Pemerintah Kota Palu kembali melaksanakan giat Motesa Ngata. Dengan mengambil tema Bergerak Bersama Menata Perparkiran di Kota Palu.
Kegiatan yang diinisiasi Bappeda Kota Palu dilaksanakan di kantor Dinas Kearsipan dan Perpustakaan Kota Palu pada Kamis 19-10-2023.
Dalam motesa ngata tersebut, sejumlah narasumber menyampaikan pandangannya. Kepala Dinas Perhubungan Kota Palu (Bapak Trisno Yunianto DP, SH., MH)
Pembahasan mengenai retribusi perparkiran sebenarnya sudah dilaksanakan sejak lama, namun di Tahun 2021 baru dibentuknya regulasi mengenai perparkiran ini.
Jadi, di tahun sebelumnya, perparkiran seakan tanpa aturan. Dari Tahun 2021 mulai dibentuk regulasi, di Tahun 2022 mulai dibuat peraturannya yaitu Peraturan Daerah No. 3 Tahun 2022 tentang Penyelenggaraan Lalu Lintas dan Angkutan Jalan. Dalam perda tersebut dibahas mengenai juru parkir yang wajib menggunakan rompi dan memberi karcis, dan akan diberi sanksi denda dan dipenjara selama 15 hari.
Jika mendapatkan juru parkir yang tidak melakukan hal tersebut, maka masyarakat dapat langsung mengajukan aduan melalui kontak Dishub yang telah dibagikan.

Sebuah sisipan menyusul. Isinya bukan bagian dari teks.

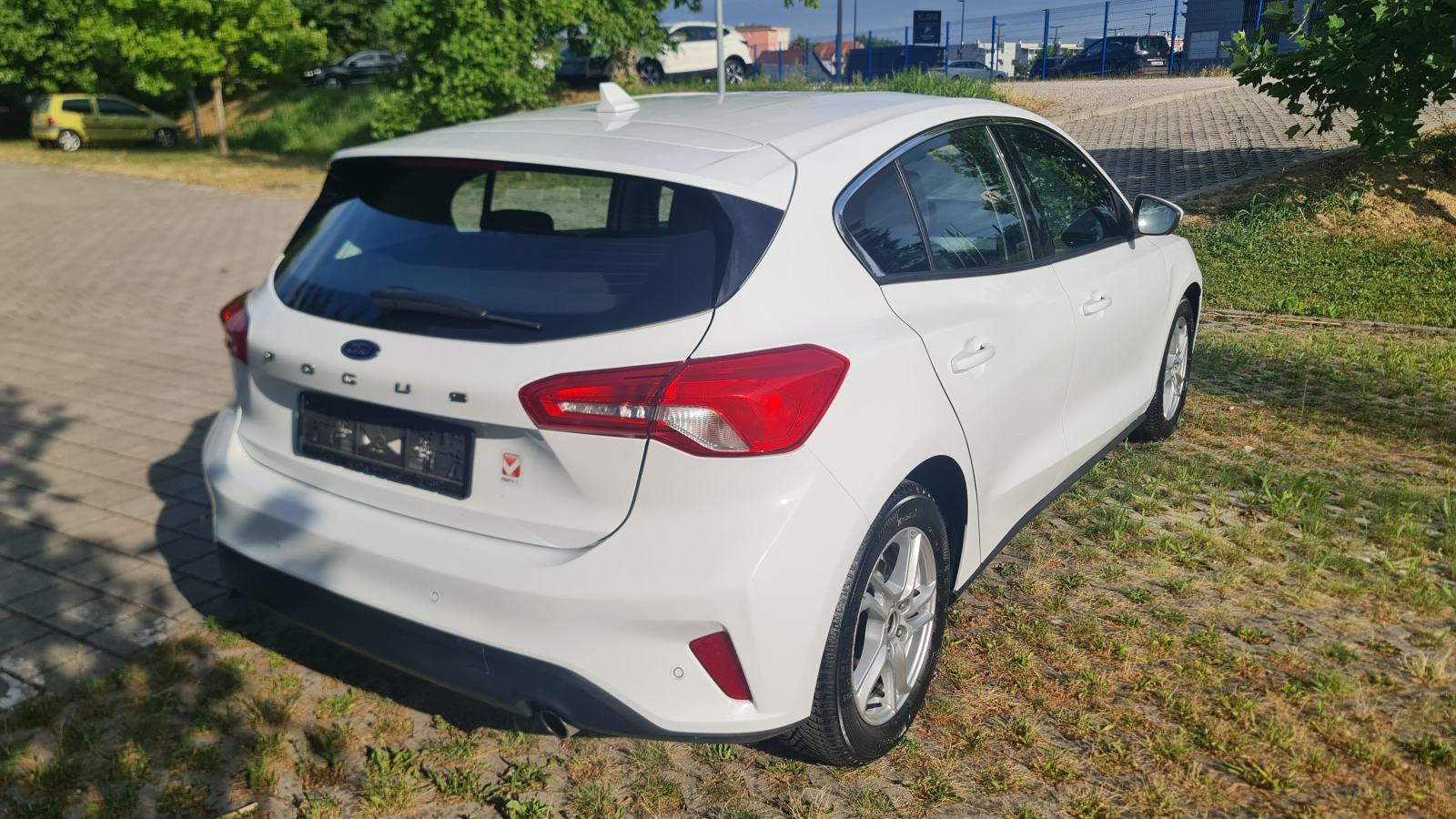 Ford Focus 1,5 TDCi Business 120 KS, 2019., 122.800 km, HR auto, fotografija 6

Pemberlakuan sanksi penjara selama 15 hari ini juga merupakan salah satu permasalahan yang menjadi kekhawatiran, karena ditakutkan menimbulkan masalah lain yang bergejolak, sehingga sampai saat ini pihak yang bersangkutan masih mencari jalan keluar.
Sebutnya lagi, Salah satu hal yang juga menjadi kekhawatiran masyarakat yaitu adanya premanisme, dimana juru parkir liar yang akan melakukan pengancaman.
Permasalahan lainnya yaitu pendapatan juru parkir yang merupakan salah satu pendapatan yang tidak jelas sirkulasinya. Para juru parkir bisa mendapatkan uang sebesar Rp 98 Juta per bulan, namun yang disetor kepada pemerintah hanya Rp 6 Juta.
Parkir yang ditempatkan dipinggir jalan sehingga menutup jalan umum dapat dikenakan denda.
Pada tanggal ditetapkannya Perda No. 6 Tahun 2023, yaitu 1 Agustus 2023, usaha yang dilakukan yaitu dengan menyebarkan flyer, pemasangan banner, dan sosialisasi melalui medsos mengenai informasi perparkiran ini.
Telah dilakukan pendataan adanya lokasi-lokasi yang biaya parkirnya tidak sesuai aturan, ada yang sampai Rp5.000,- per kendaraan.
Telah dilakukan teguran terhadap pelaku usaha yang tidak sesuai jumlah pemasukannya dengan jumlah yang disetor, seperti di Grand Hero, dimana pendapatan parkir berpotensi hingga Rp 80 Juta per bulan, namun yang disetor hanya Rp 6 Juta saja.
Ada pihak masih ragu untuk lebih menegaskan adanya sanksi penjara, karena ditakutkan adanya gejolak masyarakat, sehingga selama ini pelanggar (juru parkir liar) hanya disuruh buat surat pernyataan lalu diperbolehkan pulang, dan seperti itu seterusnya, sehingga para pelanggar juga hanya menganggap biasa, tidak adanya efek jera.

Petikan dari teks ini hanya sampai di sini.